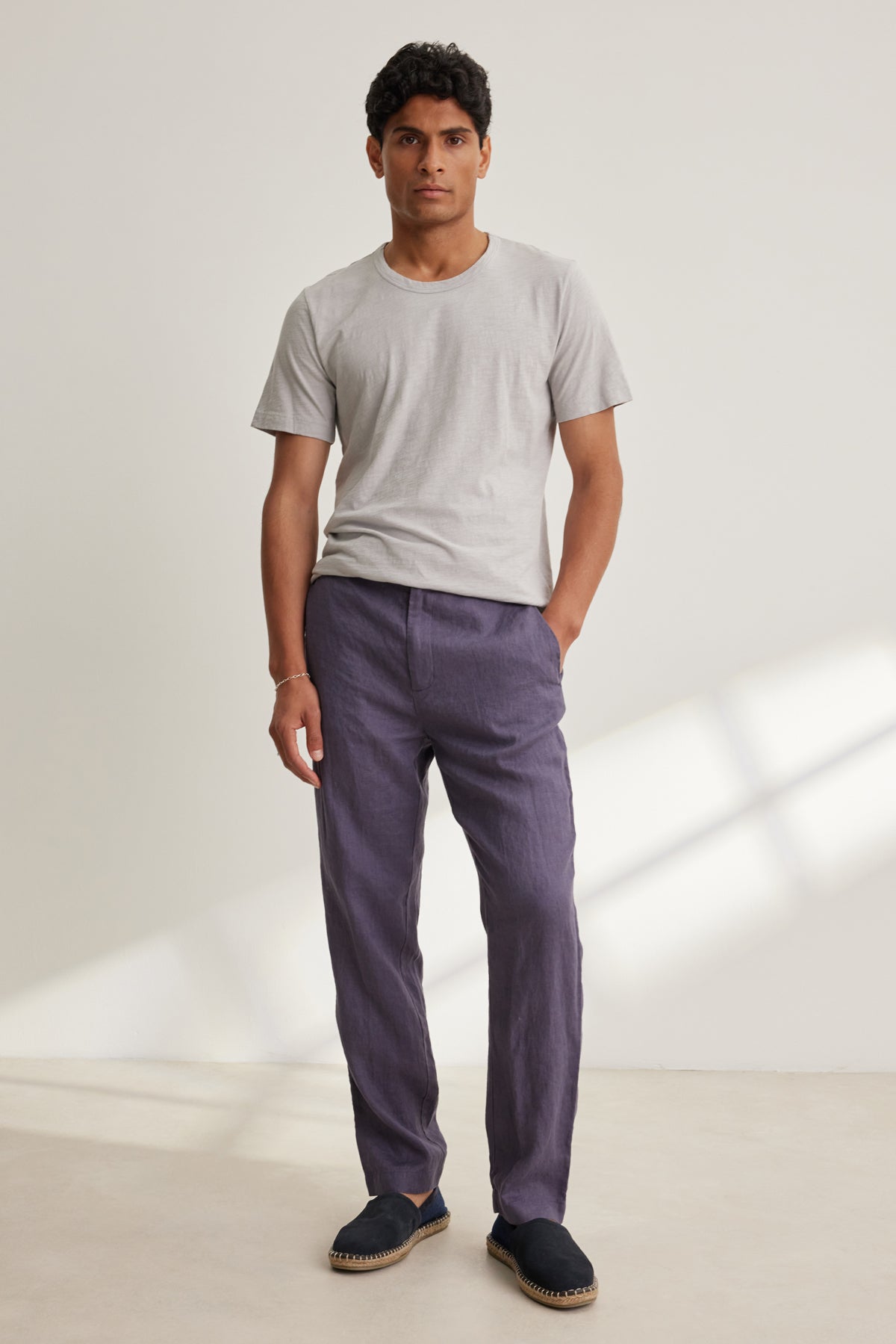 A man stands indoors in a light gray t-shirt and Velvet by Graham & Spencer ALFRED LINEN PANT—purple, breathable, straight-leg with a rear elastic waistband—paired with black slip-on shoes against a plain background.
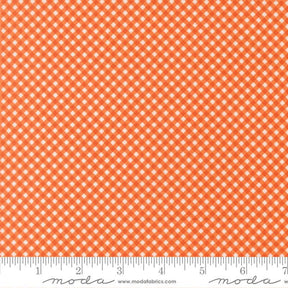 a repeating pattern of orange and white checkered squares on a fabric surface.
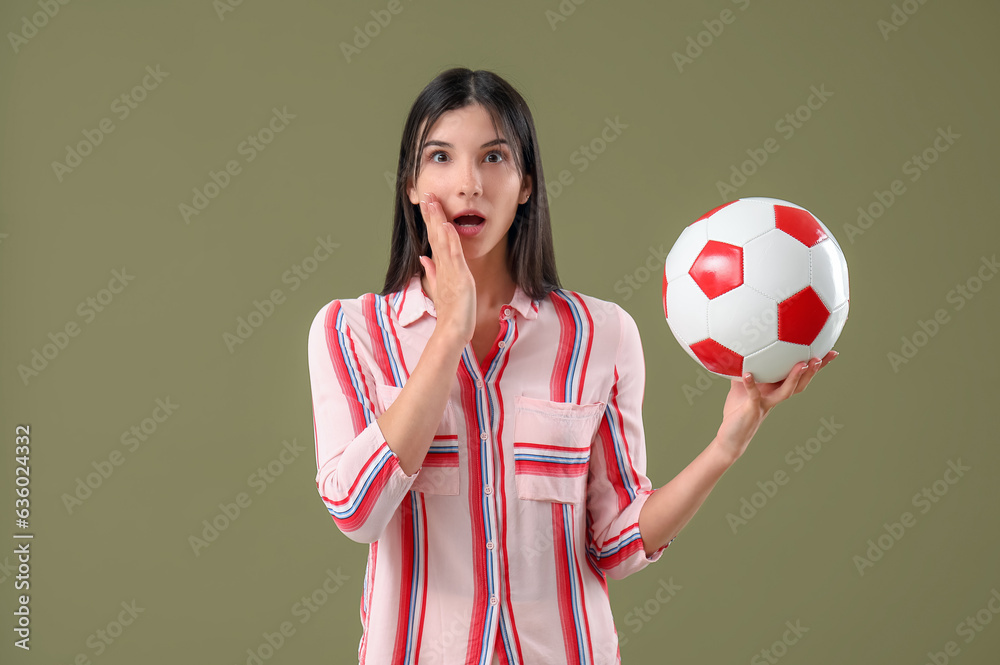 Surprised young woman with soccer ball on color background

* [BRIEF]: Your task is to retype exactly, and only, the lines from the one that holds "a repeating pattern" through the end of the listing, both end lines included, without any pictures.

* [YOUR RESPONSE]:
 a repeating pattern of orange and white checkered squares on a fabric surface.
 Surprised young woman with soccer ball on color background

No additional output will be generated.